Não admira pois que S. Francisco que habitualmente envergava uma vestidura rota e remendada, áspera, da cor da terra, feita do pano mais vil e rude, quando ministrava o altar como Diácono se revestisse de uma esplêndida túnica branca, bordada por Santa Clara. Queria que houvesse o máximo decoro, limpeza e preciosidade em tudo o que servia à celebração da Santa Missa. Era solícito em proporcionar vasos sagrados preciosos para as celebrações, percorria os campos de vassoura às costas para que quando encontrasse uma Igreja ou Capela a deixar asseada, e pôs Santa Clara e as suas Irmãs a confeccionarem com amor e cuidado toalhas de altar, corporais, sanguíneos, alvas que pudessem servir dignamente em tão augusto Mistério.
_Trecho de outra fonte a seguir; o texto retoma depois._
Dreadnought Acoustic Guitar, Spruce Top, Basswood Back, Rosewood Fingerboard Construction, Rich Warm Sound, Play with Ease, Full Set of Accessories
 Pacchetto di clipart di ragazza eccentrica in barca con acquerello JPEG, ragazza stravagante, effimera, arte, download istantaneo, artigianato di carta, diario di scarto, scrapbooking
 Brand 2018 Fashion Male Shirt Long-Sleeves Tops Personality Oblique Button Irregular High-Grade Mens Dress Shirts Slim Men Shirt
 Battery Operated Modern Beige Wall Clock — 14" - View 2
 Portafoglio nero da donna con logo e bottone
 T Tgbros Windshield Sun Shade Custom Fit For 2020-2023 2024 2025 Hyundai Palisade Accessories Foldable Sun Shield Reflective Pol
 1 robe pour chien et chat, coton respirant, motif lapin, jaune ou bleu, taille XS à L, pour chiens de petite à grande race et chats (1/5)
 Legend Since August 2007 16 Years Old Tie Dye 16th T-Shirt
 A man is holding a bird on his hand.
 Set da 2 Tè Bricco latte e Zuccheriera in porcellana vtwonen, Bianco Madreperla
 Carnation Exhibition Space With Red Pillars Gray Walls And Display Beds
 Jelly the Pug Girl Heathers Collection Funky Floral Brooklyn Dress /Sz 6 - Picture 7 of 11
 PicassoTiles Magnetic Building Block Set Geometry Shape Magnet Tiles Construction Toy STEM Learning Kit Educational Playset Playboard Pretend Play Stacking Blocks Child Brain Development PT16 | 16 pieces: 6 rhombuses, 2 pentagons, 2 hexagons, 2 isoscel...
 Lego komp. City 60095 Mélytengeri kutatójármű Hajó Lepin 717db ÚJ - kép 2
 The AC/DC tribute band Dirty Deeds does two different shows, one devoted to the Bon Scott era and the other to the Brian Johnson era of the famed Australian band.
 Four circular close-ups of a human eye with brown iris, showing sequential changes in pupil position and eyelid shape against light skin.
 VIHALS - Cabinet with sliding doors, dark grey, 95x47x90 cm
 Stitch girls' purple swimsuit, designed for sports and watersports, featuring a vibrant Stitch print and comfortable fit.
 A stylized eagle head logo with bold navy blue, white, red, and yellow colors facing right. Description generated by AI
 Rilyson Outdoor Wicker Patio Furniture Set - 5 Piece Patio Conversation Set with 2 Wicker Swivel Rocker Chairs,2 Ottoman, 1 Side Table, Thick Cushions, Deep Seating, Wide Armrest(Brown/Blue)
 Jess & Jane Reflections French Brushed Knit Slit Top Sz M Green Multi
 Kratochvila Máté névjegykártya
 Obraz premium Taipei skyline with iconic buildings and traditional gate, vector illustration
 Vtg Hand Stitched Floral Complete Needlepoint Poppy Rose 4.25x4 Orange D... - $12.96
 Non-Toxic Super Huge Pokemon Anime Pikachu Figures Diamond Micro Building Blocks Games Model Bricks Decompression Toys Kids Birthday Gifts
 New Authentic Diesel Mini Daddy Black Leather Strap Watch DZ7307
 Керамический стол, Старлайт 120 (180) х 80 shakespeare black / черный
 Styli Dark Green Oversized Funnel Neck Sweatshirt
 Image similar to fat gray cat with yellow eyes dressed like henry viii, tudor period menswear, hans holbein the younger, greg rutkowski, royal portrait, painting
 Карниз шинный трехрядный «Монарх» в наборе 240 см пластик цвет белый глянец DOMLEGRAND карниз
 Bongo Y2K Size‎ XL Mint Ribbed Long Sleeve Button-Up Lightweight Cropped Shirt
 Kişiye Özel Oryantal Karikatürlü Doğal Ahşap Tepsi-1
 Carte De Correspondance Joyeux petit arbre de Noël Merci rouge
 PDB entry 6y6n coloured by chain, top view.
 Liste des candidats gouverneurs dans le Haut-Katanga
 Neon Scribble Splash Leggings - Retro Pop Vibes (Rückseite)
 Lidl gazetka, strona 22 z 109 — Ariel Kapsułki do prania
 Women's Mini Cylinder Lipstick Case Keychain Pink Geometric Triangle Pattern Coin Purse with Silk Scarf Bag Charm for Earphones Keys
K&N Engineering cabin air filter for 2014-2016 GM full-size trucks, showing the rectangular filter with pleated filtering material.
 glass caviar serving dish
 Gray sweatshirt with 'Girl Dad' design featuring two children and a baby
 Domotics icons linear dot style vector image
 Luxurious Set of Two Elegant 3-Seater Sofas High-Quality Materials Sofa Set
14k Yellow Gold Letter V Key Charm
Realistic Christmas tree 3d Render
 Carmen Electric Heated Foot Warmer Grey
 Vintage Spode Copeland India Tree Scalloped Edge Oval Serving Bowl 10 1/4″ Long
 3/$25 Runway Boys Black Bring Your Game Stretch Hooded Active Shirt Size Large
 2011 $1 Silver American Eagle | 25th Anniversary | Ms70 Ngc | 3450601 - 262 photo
Às diligências pelo decoro exterior ajuntava as do interior com amor e misericórdia severos: “… a todos imploro, irmãos, beijando-vos os pés e com quanta caridade eu posso, que presteis toda a reverência e toda a honra que puderdes, ao Santíssimo Corpo e Sangue de Nosso Senhor Jesus Cristo, por quem tudo o que há no Céu e sobre a terra foi pacificado e reconciliado com Deus Omnipotente. Rogo ainda no Senhor a todos os meus irmãos, que são e serão, e desejam ser Sacerdotes do Altíssimo, que quando quiserem celebrar Missa, puros e com pureza e respeito celebrem o verdadeiro Sacrifício do Corpo e Sangue de Nosso Senhor Jesus Cristo, com santa e pura intenção, e não por qualquer motivo terreno, nem por temor ou consideração de qualquer pessoa, como para agradar aos homens. Mas que toda a sua vontade, tanto quanto ajude a Graça do Omnipotente, a Ele dirijam, não desejando agradar senão a Ele só, que é o Soberano Senhor. Porquanto neste Mistério só Ele opera como Lhe agrada. E pois Ele nos diz: Fazei isto em memória de Mim, se alguém fizer de outro modo, torna-se noutro Judas traidor, réu do Corpo e Sangue do Senhor. … O homem … despreza, ensuja e calca aos pés o Cordeiro de Deus, quando, como diz o Apóstolo, não discernindo e distinguindo o Pão Santo de Cristo dos outros alimentos ou das outras obras, ou o come sendo indigno, ou mesmo sendo digno o come de modo vão e indigno, quando é verdade que o Senhor diz pelo Profeta: Maldito o homem que faz a obra do Senhor fraudulentamente. E aos Sacerdotes que não põem estas coisas em lembrança no coração, condená-los-á o Senhor, que diz: Amaldiçoarei as vossas bênçãos.” (Carta ao Capítulo Geral e a todos os Irmãos).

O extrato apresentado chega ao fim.